Stocks Rally, but Anxiety Lingers
Martin noted that equities have managed to climb back to record levels after the tariff shock in early April, suggesting investors still view American companies, particularly technology firms, as prime destinations for capital. But she warned that this apparent strength conceals a deeper unease, as foreign investors are increasingly shielding themselves against the dollar's weakness.
According to Deutsche Bank strategist George Saravelos, "foreign investors are now removing dollar exposure at an unprecedented pace." Data show that more than 80 percent of inflows into US stock exchange-traded funds are now hedged, compared to nearly none at the start of the year. Similar shifts are evident in bond markets, where hedged positions account for roughly half of flows.
Dollar Takes the Strain
The dollar has dropped by more than 10 percent in 2025, its steepest fall in more than two decades. This slide is unfolding even as Wall Street rallies, underscoring that the problem lies not in confidence in US companies but in the currency itself.
At the same time, the Federal Reserve's policy trajectory is adding to investor unease. The central bank cut interest rates by a quarter of a point last week. However, a "dot plot" of future expectations revealed an outlier, widely assumed to be Trump appointee Stephen Miran, who advocated for a half-point cut and penciled in a further 1.25 percentage points in reductions this year. That would imply "seriously chunky crisis-style rate cuts," Martin observed, though she added Miran is unlikely to carry the majority.

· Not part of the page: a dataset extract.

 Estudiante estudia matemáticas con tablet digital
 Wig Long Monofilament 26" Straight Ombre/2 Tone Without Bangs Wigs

Signal of Institutional Fragility
While a weaker dollar could, in theory, aid US manufacturing, Martin argued the trend is instead a warning sign about institutional fragility. "It is a grim signal that investors fear institutional damage in the US, with all the volatility and long-term economic cost that entails," she wrote.

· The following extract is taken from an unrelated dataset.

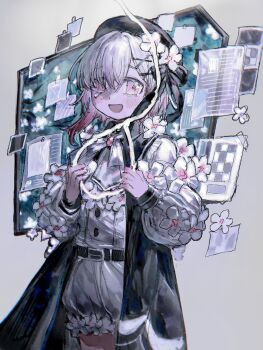 1girl belt beret black_belt black_dress black_hat cherry_blossoms chinese_commentary churi_lan commentary_request cowboy_shot dress flower gradient_hair grey_hair hair_flower hair_ornament hat highres holding holding_rope long_sleeves looking_at_viewer mahou_shoujo_no_majo_saiban multicolored_hair noose open_mouth paper pink_eyes rope sad_smile sakuraba_ema shirt short_hair smile solo standing tearing_up white_flower white_shirt x_hair_ornament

The unease is mirrored in commodities, with gold breaking records amid a scramble for safe assets. Asset manager Robeco has gone as far as to assign a 35 percent probability to what it called an "exorbitant decay" of the global financial system, a "self-inflicted, preventable" unraveling led by the United States.
Read more: US dollar outlook: Short-term gains, long-term losses from tariffs
For Martin, the lesson is that the rally in stocks should not be mistaken for broad confidence. Behind the market's resilience, she said, lies deep anxiety about the trajectory of the world's largest economy and the stability of the system it anchors. "For now, the buck stops with the buck."